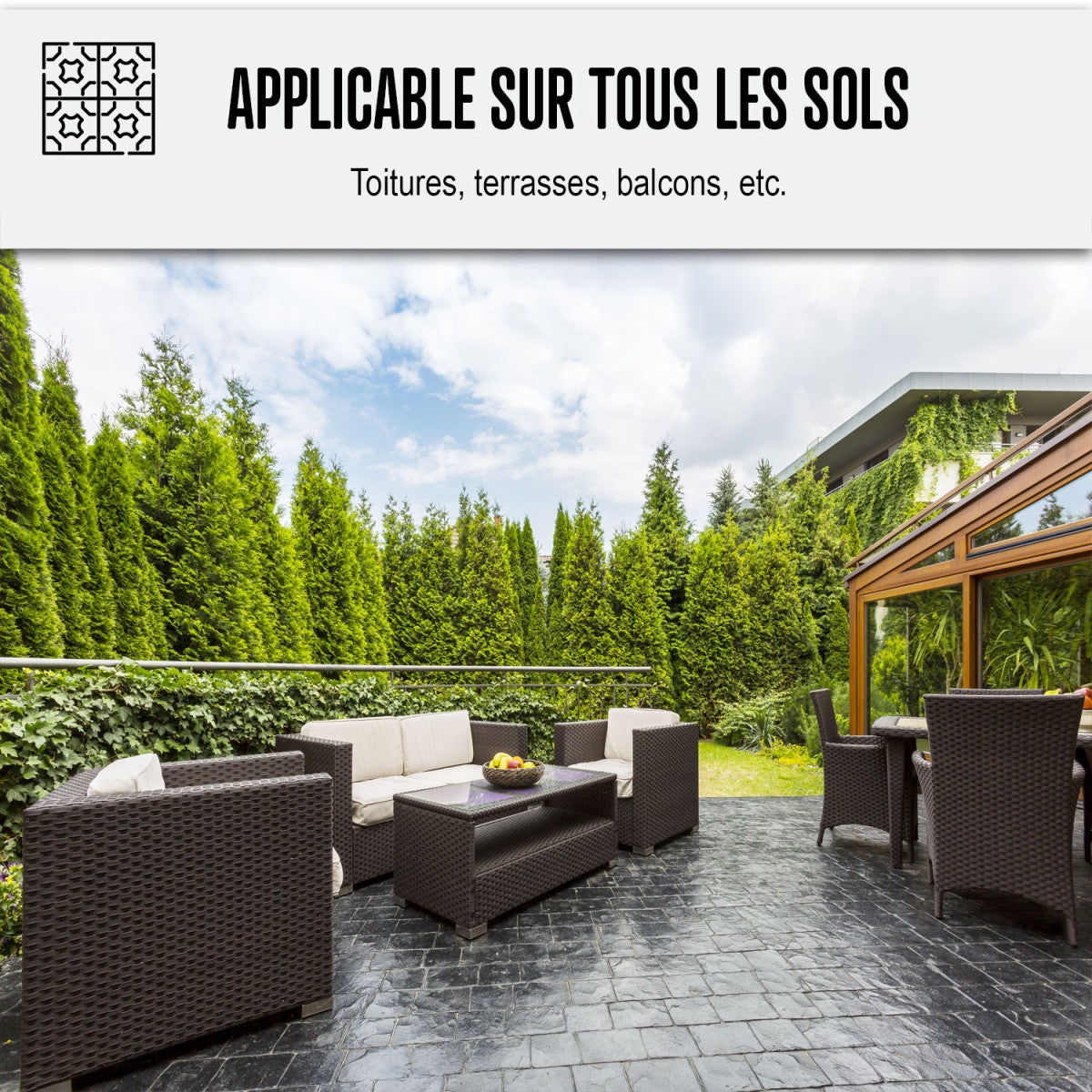Résine d'étanchéité - réparation terrasse - 10 m², circulation privée, support non poreux Finition Brillante - ARCANE INDUSTRIES - 5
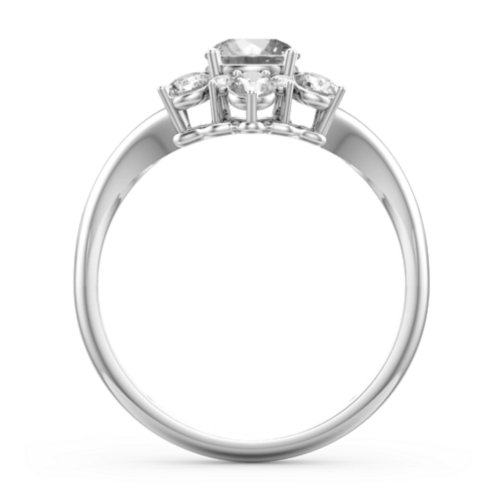 Aurora Round Cluster Ring with Birthstones – Sterling Silver with Cubic Zirconia and White Premium Zirconia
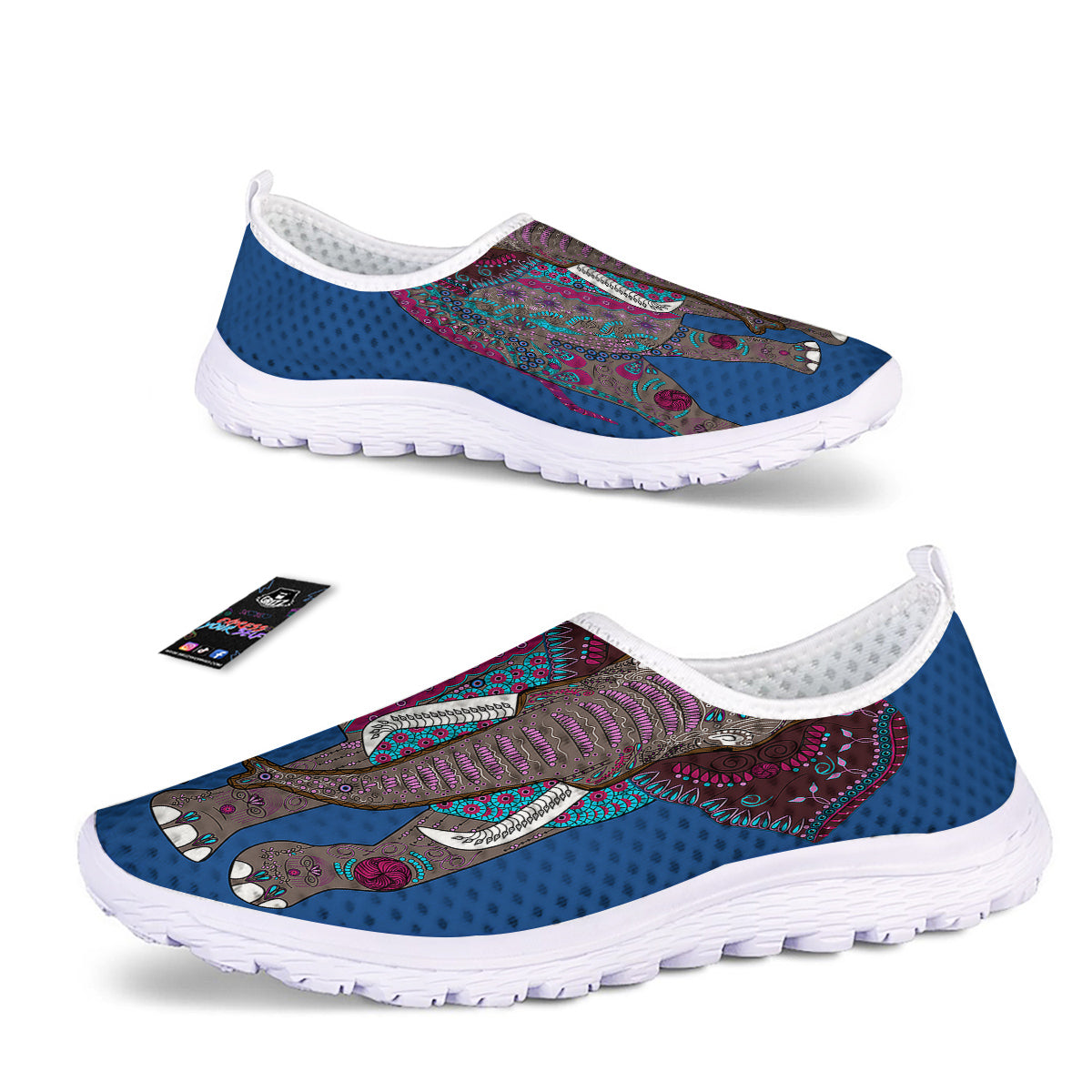 Tribal Elephant Indian Cute Print Nurse Shoes-grizzshop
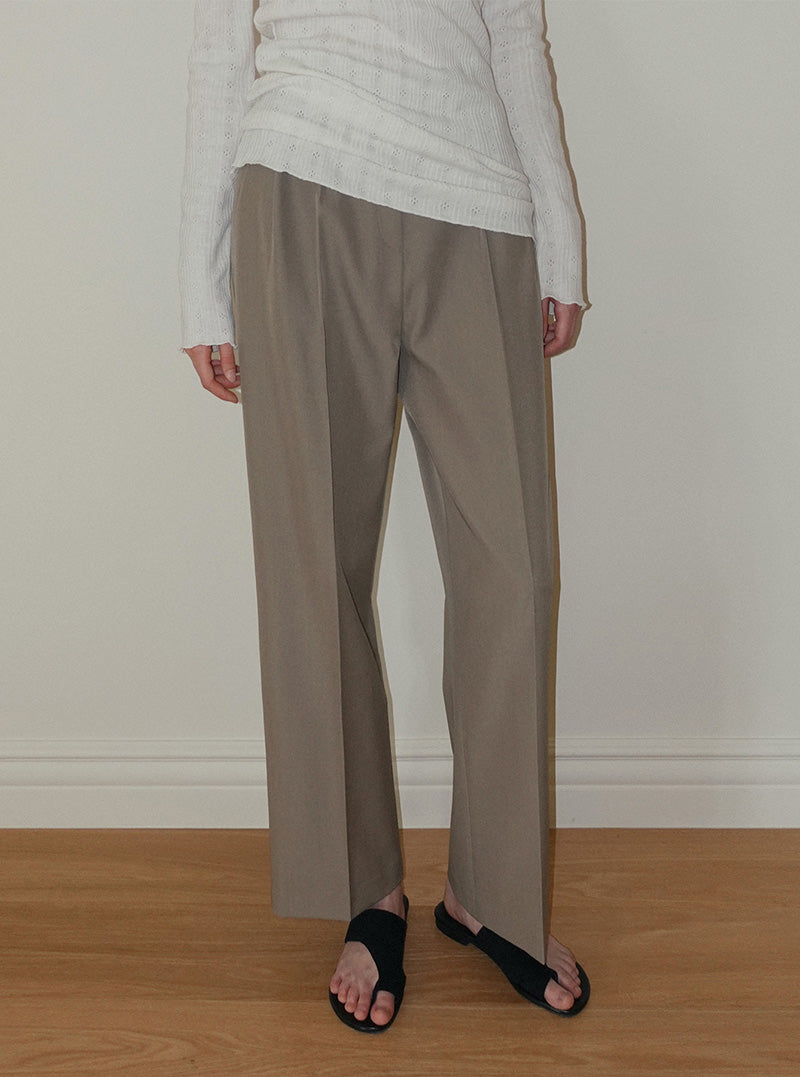 Pendil asymmetric button pintuck wide long slacks pants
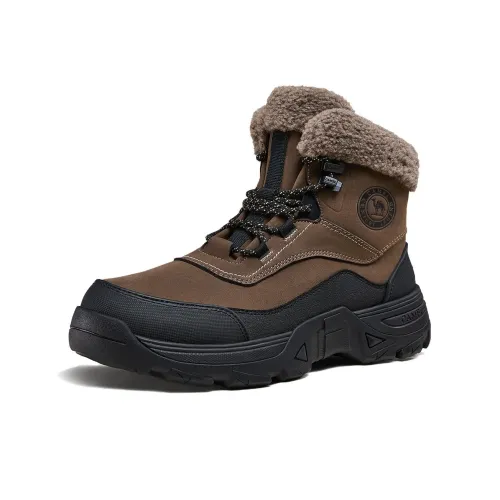 CAMEL Warm Wear-Resistant Height Increasing Short Outdoor Boots 5cm Men's Brown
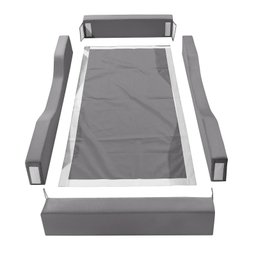 Cama Infantil Espumada Clara Premium Conforto Quarto Criança Proteção Moderna com Colchão Cor Cinza - 4
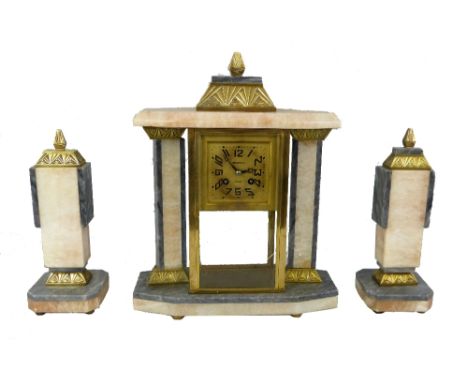 A French Art Deco marble and gilt metal clock garniture, the square gilt dial signed Peunteun, Brest, the movement stamped Fr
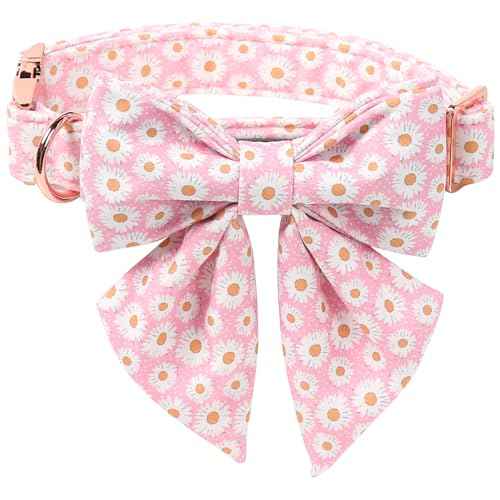 Floral Dog Collar with Sailor Bow (Pink Daisy(Sailor Bow) / X-Small (Pack of 1))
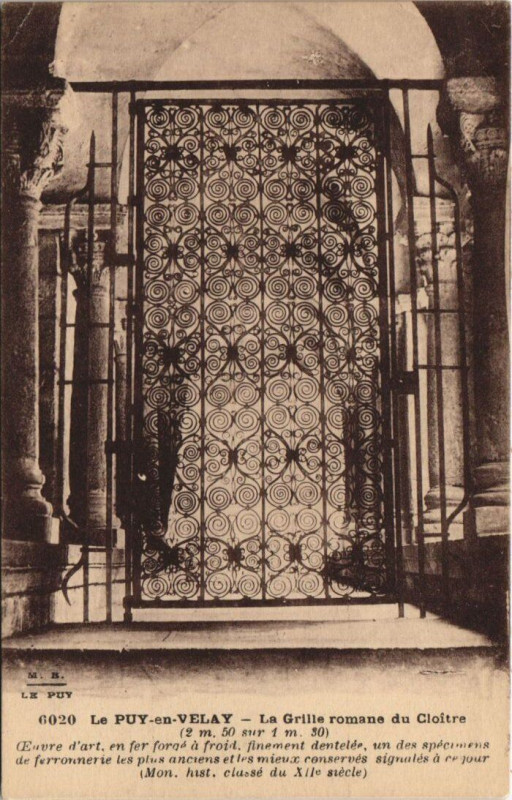 Carte postale ancienne Le Puy-en-Velay - La grille romane au Puy-en-Velay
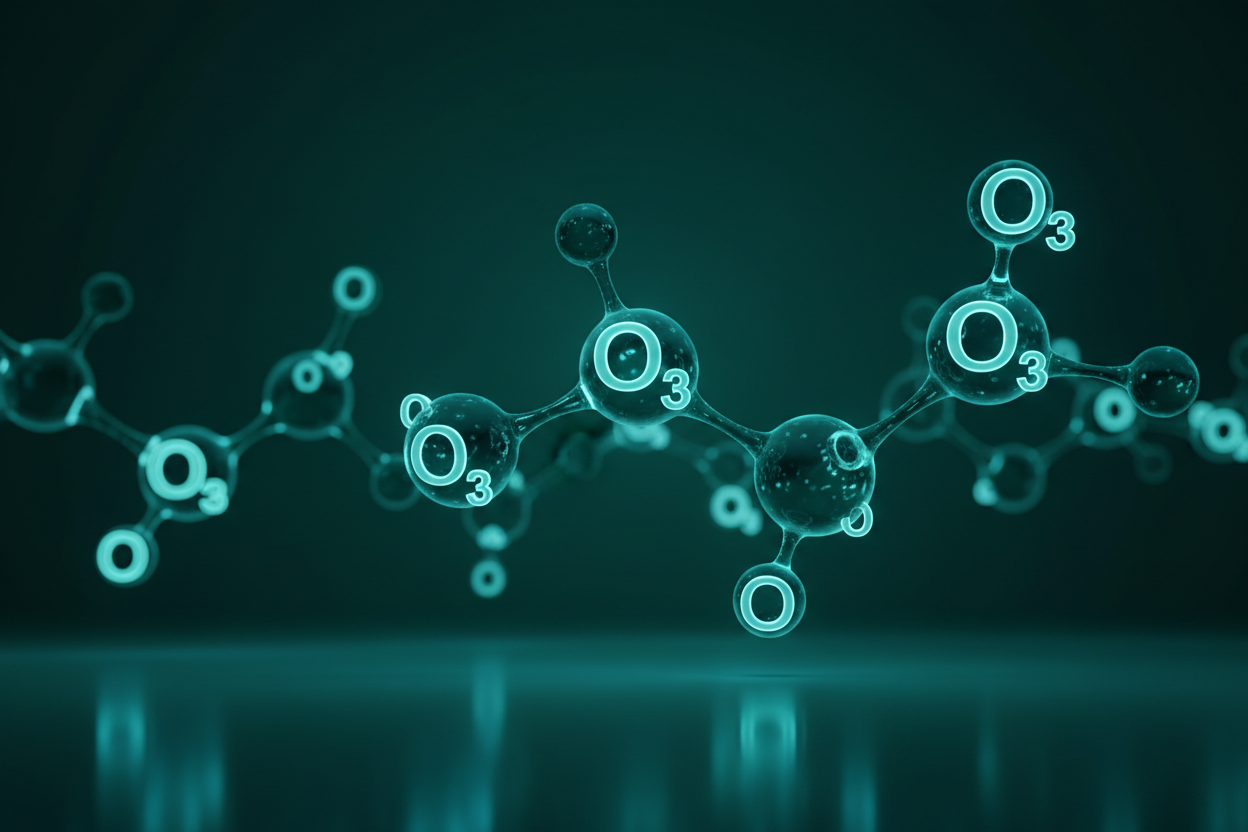 glowing ozone/oxygen molecules in deep teal and electric blue on forest green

━━━

WORK TASK> Restate the listing word for word, pictures excluded.

EXERCISE ANSWER>
Résine d'étanchéité - réparation terrasse - 10 m², circulation privée, support non poreux Finition Brillante - ARCANE INDUSTRIES - 5
 Aurora Round Cluster Ring with Birthstones – Sterling Silver with Cubic Zirconia and White Premium Zirconia
 Tribal Elephant Indian Cute Print Nurse Shoes-grizzshop
 Pendil asymmetric button pintuck wide long slacks pants
 CAMEL Warm Wear-Resistant Height Increasing Short Outdoor Boots 5cm Men's Brown
 Cama Infantil Espumada Clara Premium Conforto Quarto Criança Proteção Moderna com Colchão Cor Cinza - 4
 A French Art Deco marble and gilt metal clock garniture, the square gilt dial signed Peunteun, Brest, the movement stamped Fr
 Floral Dog Collar with Sailor Bow (Pink Daisy(Sailor Bow) / X-Small (Pack of 1))
 Carte postale ancienne Le Puy-en-Velay - La grille romane au Puy-en-Velay
 glowing ozone/oxygen molecules in deep teal and electric blue on forest green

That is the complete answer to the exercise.